Perverse, right? Stupid, too: and not just because everybody knows a watched kettle never boils. But I suppose with a name like ‘The Id’ they had a lot to live up to — which they do after two simmering instrumental breakdowns. Cole has been straining at his 6‑string leash for too many of the above verses, content for the moment with deftly and quickly picked riffs that cross-stitched each and every time the rest of the band cut out to leave the vocalist to continue his coercive lyrical demands. But his patience finally breaks with the final vocal line of “Hiss…hiss…hiss…” signaling time to rip open a bombastic run up and down the neck at top speed with his fuzzbox and amp distortion set JUST below the level that would make it bleed otherwise into an incomprehensible, black magic marker thundercloud of noise (Which is what it threatens to dissolve into, anyway.) Tearin’ it all up in an amazingly propulsive frenzy all jagged and rambunctious as a single tambourine whacks out simplistically over it all, Jerry Cole carries on at top speed and volume with Yardbirdsian runs up and down the neck, while still finding the time and space to throw in some Middle Eastern-tinged progressions.

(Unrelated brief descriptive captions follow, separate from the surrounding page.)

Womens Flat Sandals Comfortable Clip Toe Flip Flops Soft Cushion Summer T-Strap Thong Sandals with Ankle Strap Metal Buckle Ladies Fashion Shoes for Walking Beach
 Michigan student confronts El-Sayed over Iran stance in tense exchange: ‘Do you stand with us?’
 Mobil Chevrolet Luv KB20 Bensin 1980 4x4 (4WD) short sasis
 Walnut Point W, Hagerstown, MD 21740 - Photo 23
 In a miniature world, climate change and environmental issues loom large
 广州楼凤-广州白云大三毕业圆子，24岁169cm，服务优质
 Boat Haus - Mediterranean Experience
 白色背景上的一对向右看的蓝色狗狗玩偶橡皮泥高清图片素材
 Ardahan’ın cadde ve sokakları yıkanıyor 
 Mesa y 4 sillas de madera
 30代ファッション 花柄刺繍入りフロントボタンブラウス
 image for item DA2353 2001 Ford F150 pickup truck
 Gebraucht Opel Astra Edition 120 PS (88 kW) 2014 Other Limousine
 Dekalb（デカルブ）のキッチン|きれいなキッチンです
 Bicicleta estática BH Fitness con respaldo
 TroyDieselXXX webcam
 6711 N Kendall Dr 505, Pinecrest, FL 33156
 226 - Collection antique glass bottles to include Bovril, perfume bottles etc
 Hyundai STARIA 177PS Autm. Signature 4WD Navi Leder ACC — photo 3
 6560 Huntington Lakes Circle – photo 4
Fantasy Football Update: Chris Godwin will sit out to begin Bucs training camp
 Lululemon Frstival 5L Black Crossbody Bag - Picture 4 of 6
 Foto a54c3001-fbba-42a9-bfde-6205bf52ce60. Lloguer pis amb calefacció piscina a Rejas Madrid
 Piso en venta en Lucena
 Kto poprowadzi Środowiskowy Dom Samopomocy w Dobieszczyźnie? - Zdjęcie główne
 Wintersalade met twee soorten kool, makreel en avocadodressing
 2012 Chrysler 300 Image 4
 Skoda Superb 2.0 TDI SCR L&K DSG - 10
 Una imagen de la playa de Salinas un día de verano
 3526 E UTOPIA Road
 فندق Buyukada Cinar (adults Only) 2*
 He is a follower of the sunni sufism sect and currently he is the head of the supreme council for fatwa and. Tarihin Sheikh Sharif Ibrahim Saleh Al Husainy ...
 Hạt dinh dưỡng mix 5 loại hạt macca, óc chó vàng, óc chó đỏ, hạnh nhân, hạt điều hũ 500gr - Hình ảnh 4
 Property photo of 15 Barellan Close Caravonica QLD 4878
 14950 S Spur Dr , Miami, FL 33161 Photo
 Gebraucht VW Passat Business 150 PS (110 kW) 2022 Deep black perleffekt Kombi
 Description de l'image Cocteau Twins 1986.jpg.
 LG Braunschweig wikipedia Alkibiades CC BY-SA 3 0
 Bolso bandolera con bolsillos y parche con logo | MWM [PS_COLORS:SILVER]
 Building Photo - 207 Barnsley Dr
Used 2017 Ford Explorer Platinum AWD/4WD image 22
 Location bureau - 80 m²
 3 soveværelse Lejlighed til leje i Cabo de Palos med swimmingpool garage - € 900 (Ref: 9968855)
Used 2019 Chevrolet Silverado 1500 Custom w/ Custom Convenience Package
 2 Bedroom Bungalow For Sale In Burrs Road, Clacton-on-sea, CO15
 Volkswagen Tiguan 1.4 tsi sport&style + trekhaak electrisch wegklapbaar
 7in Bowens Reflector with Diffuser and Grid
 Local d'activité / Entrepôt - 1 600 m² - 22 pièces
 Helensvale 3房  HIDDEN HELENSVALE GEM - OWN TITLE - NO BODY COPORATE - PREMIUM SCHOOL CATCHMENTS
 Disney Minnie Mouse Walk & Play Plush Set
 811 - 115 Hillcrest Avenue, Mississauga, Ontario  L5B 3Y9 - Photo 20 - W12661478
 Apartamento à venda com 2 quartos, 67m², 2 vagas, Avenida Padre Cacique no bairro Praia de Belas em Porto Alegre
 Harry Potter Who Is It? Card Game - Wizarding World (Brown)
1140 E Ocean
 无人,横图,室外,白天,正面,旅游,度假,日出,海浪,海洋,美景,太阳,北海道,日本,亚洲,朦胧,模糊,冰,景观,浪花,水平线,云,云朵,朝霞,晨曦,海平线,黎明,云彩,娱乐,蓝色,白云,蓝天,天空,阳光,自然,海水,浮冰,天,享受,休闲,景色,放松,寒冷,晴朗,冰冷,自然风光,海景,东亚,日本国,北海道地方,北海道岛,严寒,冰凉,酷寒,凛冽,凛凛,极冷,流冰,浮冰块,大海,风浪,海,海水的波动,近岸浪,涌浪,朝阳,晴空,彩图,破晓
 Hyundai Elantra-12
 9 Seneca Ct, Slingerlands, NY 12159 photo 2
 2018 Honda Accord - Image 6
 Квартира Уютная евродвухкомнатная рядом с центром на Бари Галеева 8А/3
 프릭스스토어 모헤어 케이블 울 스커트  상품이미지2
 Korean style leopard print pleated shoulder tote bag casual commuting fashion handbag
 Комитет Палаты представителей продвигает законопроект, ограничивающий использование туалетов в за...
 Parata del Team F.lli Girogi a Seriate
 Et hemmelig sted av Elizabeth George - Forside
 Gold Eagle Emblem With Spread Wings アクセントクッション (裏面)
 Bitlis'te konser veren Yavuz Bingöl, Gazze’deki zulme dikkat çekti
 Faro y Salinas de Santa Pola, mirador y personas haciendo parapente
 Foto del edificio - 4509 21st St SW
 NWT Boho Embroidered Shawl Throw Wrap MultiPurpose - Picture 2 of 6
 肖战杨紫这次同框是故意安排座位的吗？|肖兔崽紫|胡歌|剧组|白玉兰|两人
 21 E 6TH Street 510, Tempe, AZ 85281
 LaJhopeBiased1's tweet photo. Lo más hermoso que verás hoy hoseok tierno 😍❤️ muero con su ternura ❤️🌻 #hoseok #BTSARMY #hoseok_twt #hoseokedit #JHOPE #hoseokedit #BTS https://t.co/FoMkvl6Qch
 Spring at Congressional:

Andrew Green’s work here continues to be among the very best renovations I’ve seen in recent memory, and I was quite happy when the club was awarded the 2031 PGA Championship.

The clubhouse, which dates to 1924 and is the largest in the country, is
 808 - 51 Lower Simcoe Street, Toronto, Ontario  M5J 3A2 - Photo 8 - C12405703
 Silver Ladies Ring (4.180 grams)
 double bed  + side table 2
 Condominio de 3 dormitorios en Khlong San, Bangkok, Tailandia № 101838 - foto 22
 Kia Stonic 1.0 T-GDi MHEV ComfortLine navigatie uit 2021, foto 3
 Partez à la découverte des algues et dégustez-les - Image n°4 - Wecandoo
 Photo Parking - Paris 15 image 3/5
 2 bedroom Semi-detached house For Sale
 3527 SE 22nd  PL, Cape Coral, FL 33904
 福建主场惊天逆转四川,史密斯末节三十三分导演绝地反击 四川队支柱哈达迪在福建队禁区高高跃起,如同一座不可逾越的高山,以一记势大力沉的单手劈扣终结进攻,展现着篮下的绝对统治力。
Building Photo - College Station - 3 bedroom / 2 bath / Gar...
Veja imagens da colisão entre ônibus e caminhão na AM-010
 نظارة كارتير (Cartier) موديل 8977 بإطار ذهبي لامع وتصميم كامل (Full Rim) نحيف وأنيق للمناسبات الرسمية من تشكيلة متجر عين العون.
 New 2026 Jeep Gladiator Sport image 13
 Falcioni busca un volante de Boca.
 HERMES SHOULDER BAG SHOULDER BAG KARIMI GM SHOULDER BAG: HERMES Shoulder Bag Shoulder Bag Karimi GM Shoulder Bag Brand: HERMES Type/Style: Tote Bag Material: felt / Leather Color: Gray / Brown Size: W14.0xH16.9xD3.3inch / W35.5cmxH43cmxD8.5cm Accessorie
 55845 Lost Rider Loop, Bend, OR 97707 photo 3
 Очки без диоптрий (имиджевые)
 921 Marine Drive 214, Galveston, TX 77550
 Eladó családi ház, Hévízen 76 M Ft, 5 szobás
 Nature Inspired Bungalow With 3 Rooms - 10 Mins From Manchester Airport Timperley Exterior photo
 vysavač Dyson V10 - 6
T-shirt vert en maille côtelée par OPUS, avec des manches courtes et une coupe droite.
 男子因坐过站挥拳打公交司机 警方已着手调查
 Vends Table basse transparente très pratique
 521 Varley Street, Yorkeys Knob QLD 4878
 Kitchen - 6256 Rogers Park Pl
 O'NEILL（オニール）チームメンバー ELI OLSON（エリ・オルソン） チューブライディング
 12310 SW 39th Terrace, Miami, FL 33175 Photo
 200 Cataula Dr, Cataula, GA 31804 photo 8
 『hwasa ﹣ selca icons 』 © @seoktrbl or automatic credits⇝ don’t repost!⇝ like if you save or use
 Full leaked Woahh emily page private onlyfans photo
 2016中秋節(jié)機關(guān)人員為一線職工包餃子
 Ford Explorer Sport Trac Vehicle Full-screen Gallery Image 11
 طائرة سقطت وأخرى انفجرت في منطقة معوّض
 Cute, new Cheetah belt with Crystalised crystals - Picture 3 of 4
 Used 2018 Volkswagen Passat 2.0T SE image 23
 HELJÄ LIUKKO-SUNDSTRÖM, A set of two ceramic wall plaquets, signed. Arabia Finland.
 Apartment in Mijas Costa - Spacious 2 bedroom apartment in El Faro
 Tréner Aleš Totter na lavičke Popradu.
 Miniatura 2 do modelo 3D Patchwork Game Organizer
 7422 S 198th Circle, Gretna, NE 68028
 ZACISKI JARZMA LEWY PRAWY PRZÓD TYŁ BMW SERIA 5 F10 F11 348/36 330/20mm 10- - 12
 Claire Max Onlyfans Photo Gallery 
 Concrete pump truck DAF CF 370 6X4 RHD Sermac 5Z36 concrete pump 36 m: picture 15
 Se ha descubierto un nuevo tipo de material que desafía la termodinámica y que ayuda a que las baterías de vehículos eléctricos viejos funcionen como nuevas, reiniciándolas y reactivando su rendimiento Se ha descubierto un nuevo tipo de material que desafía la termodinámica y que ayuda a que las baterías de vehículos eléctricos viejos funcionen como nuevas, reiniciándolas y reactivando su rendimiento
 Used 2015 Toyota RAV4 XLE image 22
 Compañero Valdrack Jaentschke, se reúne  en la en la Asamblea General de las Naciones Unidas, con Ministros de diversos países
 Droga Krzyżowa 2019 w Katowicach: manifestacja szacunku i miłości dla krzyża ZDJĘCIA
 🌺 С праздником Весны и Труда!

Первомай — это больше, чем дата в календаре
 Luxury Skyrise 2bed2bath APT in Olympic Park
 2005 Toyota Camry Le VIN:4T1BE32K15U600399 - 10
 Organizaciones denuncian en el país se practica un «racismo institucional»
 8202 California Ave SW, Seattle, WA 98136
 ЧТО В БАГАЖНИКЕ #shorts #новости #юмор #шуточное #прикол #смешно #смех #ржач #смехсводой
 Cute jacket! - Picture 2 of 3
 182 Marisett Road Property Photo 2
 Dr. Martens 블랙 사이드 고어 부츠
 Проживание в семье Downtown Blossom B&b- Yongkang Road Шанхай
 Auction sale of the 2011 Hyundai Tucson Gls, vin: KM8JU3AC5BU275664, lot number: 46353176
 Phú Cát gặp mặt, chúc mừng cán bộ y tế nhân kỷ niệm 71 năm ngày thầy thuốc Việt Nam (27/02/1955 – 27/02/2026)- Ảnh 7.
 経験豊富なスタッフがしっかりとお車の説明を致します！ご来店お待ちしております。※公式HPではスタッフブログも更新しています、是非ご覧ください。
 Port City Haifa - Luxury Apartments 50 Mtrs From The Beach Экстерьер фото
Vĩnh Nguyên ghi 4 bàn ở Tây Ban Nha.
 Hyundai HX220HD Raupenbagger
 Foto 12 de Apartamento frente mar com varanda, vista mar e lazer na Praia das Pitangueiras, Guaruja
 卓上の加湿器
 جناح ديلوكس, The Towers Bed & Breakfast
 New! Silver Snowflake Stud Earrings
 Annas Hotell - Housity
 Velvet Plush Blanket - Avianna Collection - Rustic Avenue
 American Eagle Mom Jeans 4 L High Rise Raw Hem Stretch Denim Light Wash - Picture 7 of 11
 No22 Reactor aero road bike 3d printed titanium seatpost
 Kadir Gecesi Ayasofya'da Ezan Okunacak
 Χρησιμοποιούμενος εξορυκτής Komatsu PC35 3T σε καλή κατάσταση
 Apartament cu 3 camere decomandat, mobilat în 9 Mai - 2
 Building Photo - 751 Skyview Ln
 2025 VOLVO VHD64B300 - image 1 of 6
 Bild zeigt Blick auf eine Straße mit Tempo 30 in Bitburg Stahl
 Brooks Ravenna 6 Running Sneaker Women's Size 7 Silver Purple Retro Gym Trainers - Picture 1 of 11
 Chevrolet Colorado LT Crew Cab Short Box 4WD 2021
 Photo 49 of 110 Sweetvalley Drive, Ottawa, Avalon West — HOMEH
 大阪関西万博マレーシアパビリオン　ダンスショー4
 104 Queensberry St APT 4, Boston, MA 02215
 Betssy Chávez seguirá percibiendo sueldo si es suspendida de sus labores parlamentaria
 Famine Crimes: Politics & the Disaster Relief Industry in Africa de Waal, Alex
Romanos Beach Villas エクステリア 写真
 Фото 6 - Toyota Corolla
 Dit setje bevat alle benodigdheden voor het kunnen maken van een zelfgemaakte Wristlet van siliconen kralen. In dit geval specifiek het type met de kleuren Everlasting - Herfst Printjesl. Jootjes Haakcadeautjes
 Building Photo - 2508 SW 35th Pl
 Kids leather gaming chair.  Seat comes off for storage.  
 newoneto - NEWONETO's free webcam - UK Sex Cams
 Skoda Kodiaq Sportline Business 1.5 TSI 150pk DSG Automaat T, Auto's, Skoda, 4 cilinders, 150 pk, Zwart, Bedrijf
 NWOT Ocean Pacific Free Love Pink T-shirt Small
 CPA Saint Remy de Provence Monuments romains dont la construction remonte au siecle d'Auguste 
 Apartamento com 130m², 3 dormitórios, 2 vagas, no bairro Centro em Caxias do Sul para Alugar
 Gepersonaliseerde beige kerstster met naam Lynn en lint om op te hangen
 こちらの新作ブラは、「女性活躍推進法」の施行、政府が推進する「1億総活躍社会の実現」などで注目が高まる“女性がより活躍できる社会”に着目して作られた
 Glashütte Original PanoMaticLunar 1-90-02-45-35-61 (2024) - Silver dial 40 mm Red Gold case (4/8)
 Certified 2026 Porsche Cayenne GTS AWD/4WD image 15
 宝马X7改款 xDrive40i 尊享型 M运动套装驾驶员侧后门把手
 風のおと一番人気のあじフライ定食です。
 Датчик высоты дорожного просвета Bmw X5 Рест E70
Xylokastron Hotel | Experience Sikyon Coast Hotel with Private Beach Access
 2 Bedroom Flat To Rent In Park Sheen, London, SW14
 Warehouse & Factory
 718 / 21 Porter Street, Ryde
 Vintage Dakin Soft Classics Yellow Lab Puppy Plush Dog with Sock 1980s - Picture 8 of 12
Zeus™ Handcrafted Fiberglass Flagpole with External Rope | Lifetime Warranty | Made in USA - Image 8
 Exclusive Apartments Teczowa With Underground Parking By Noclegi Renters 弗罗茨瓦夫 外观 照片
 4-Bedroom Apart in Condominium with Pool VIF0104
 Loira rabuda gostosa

By comparison, the A‑side “Short Circuit” ain’t half as crazed, but then again: neither was anything else in the entire Id canon. But it does scores high marks for maintaining that singular drive fuelled only by the innate frustration of unrequited love that is the undying hallmark of garage punk. A jangle guitar and sparse drum pattern like “Ticket To Ride” played at the wrong speed sets the scene for unfurling, double tracked guitar parts — one a volume controlled sensor and the other a fluid and quickly resolved Rickenbacker guitar melody that hints at both The Knickerbockers and “Surrealistic Pillow” in equal parts and at breakneck tempo. It has the same rising lust factor of barely/almost suppressed premature ejaculation that The Electric Prunes perfected on “I Had Too Much To Dream (Last Night)” and here a sharp, slashing rhythm guitar sets up an arrangement of unpredictable stops and starts to a jerking, off-beat reinforced by the sort of tight, prominent bass and confident drumming one would expect from studio musicians.
Despite the fact it’s teenage as hell.